PhonologicalCorpusTools / CorpusTools

Phonological CorpusTools
http://phonologicalcorpustools.github.io/CorpusTools/
GNU General Public License v3.0
112 stars 16 forks source link

ND on list of words not in the corpus #543

Closed kchall closed 6 years ago

kchall commented 8 years ago

Allow users to have a list of word transcriptions that aren't in the corpus and calculate ND on them (currently, the "list" option only works on words in the corpus). (Maybe this already works in the Command Line?)

bhallen commented 8 years ago

This does work on the command line.
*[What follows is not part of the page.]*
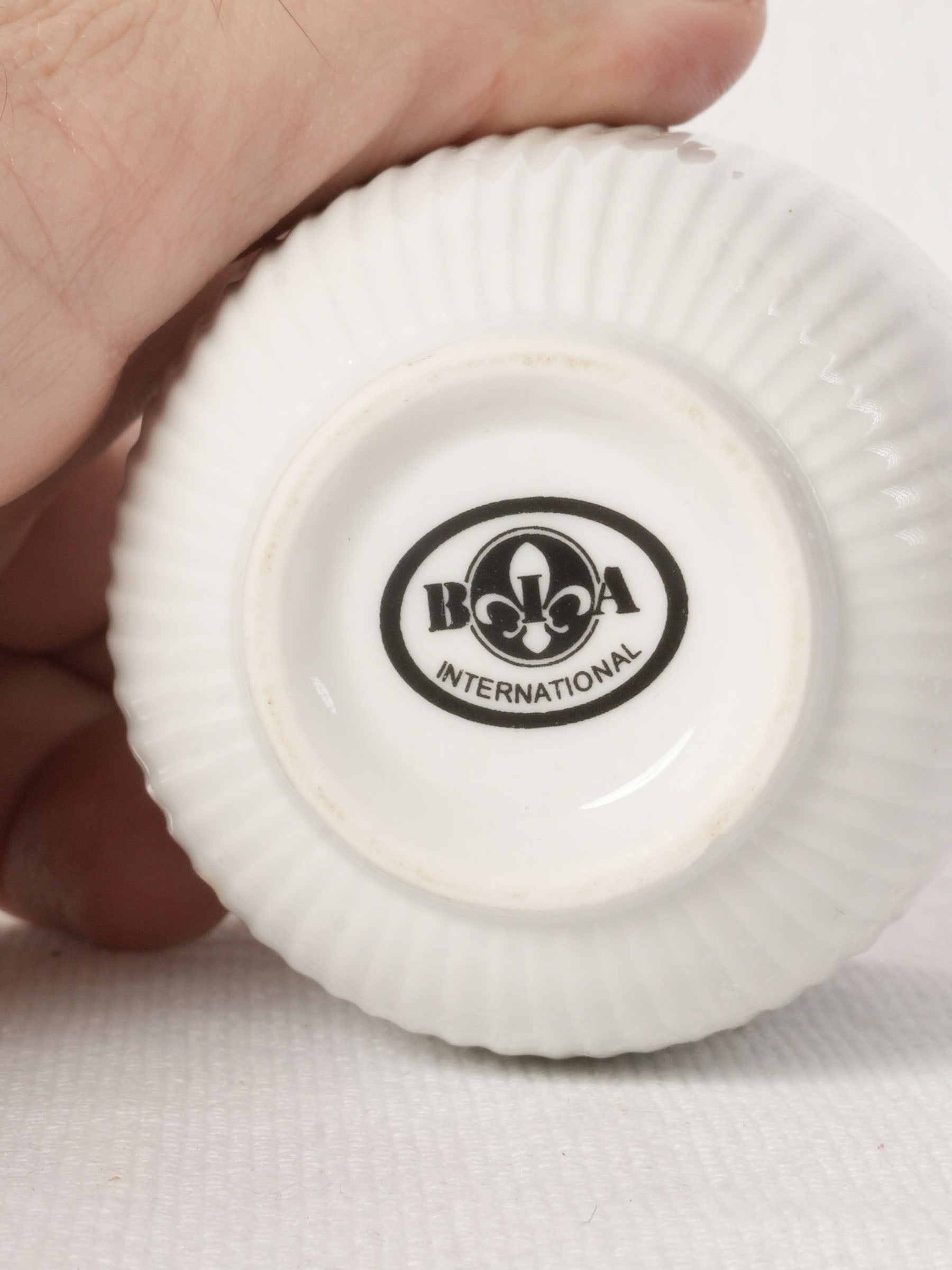 Vintage Porcelain Egg Coddler with Metal Lid
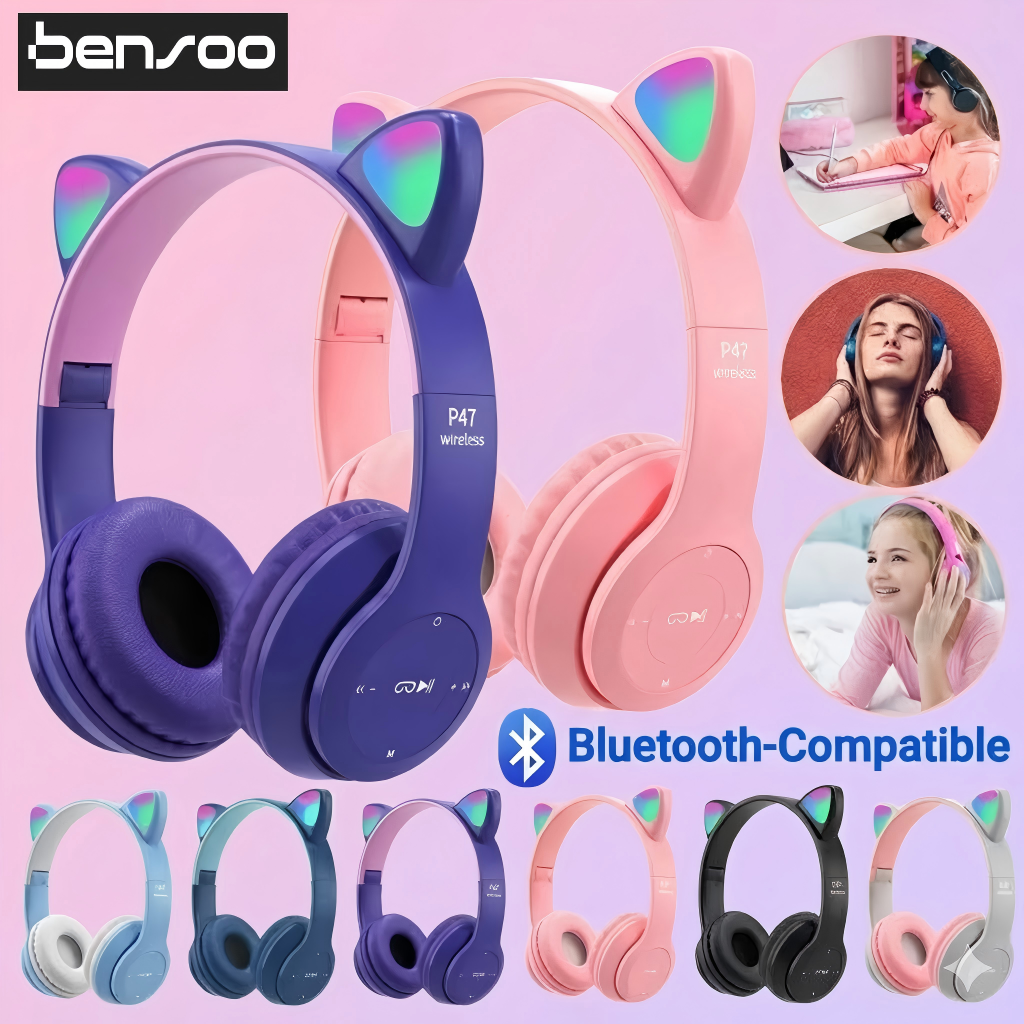New Arrivals Bensoo P47M Cat ears LED Light TWS Bluetooth Earpods Earphone Headphones Sport Eraphones Wired Eraphones Erapods pro Earbuds Ear Headset pods Bluetooth Earphones For All Mobile phone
The neighborhood density functions themselves currently assume that they're passed a query that is a Word object, and so I think the most straightforward approach would be to add something like pct_neighdens's ensure_query_is_word function into an appropriate place in the GUI code. (If the GUI can use the function exactly as-is, then we could just put it into neighdens.py and import.) I've copied the function below.

def ensure_query_is_word(query, corpus, sequence_type, trans_delimiter):
    if isinstance(query, Word):
        query_word = query
    else:
        try:
            query_word = corpus.corpus.find(query)
        except KeyError:
            if trans_delimiter == '':
                query_word = Word(**{sequence_type: list(query)})
            else:
                query_word = Word(**{sequence_type: query.split(trans_delimiter)})
    return query_word

If this doesn't work for whatever reason, we could also change the functional load functions to do this coercion themselves.

jsmackie commented 8 years ago

That's useful code, thanks! I've worked out a partial fix for this in the GUI, but I'm not quite sure what to do with the transcription delimiter parameter. It's not possible to retrieve the delimiter used when the corpus was loaded because (a) that information is not saved anywhere and (b) some corpora don't have delimiters supplied at any point (like the ones you can download). I guess the best thing would be for me to add in a text box where a user can specify any delimiter in use.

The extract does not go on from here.